What you give back should be exactly the lines from the one with "2017 Toyota Sienna XLE" through the final line of the material, pictures removed; please add nothing.

● DATASET CONTENT:
◆ ◆ ◆ ◆ ◆

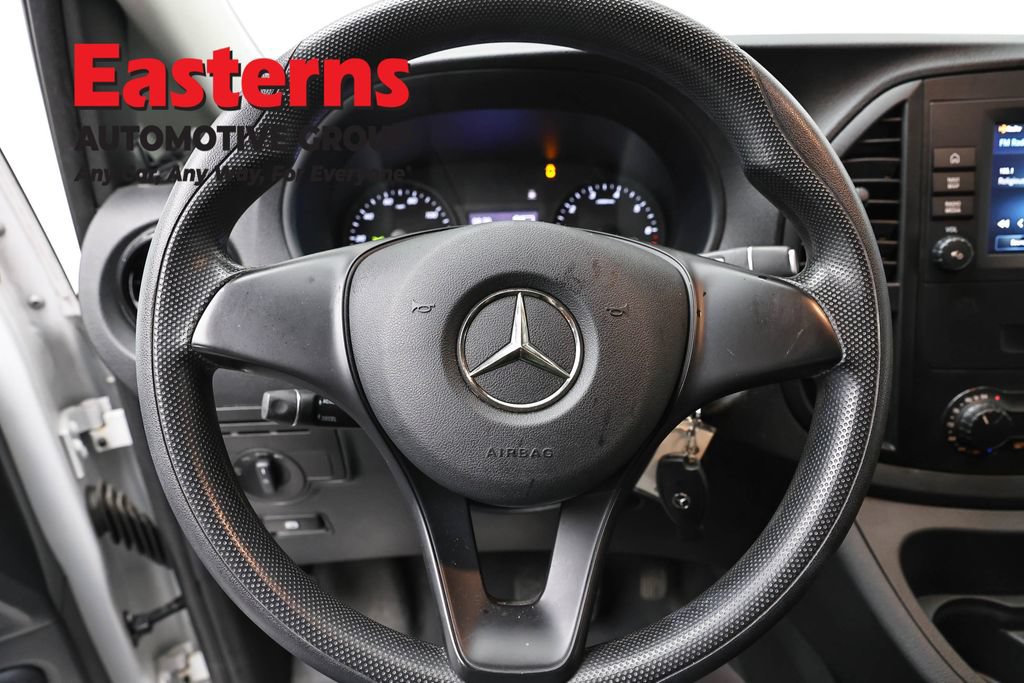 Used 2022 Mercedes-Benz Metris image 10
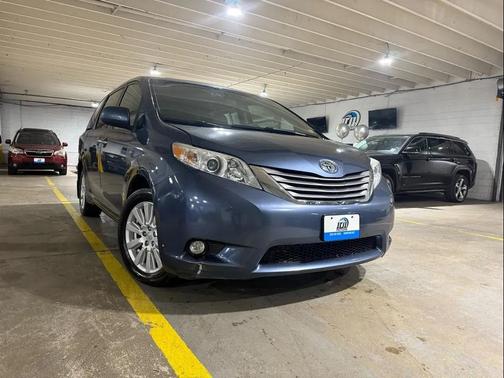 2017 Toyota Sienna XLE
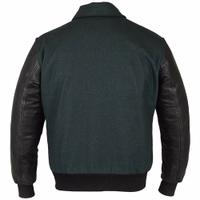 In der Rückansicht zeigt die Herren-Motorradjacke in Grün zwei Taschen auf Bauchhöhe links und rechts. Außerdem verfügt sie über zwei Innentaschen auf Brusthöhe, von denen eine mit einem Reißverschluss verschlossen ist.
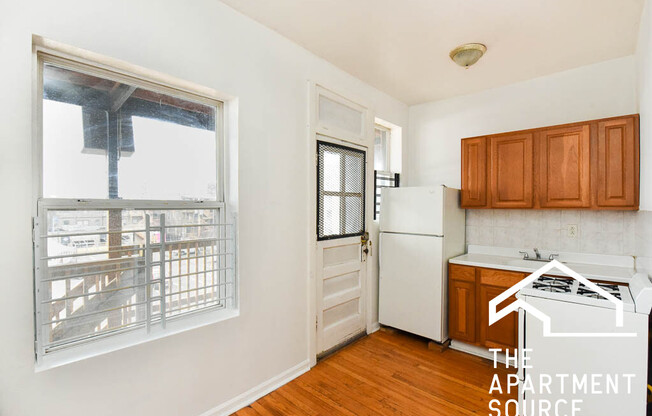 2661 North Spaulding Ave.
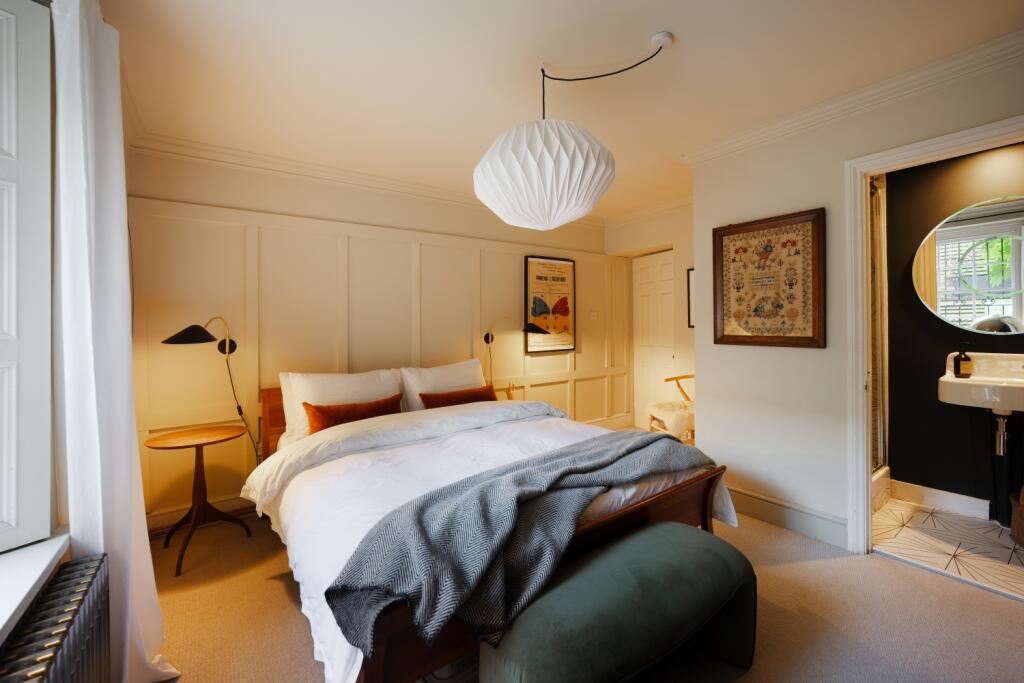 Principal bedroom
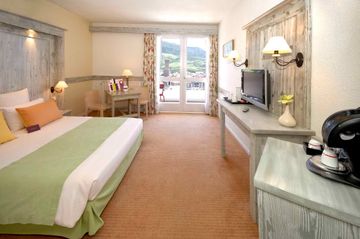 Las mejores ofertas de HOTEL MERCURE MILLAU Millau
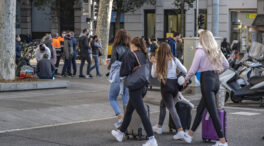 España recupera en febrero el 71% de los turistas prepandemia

◆ ◆ ◆ ◆ ◆

● ANSWER TO THIS PROBLEM:
 2017 Toyota Sienna XLE
 In der Rückansicht zeigt die Herren-Motorradjacke in Grün zwei Taschen auf Bauchhöhe links und rechts. Außerdem verfügt sie über zwei Innentaschen auf Brusthöhe, von denen eine mit einem Reißverschluss verschlossen ist.
 2661 North Spaulding Ave.
 Principal bedroom
 Las mejores ofertas de HOTEL MERCURE MILLAU Millau
 España recupera en febrero el 71% de los turistas prepandemia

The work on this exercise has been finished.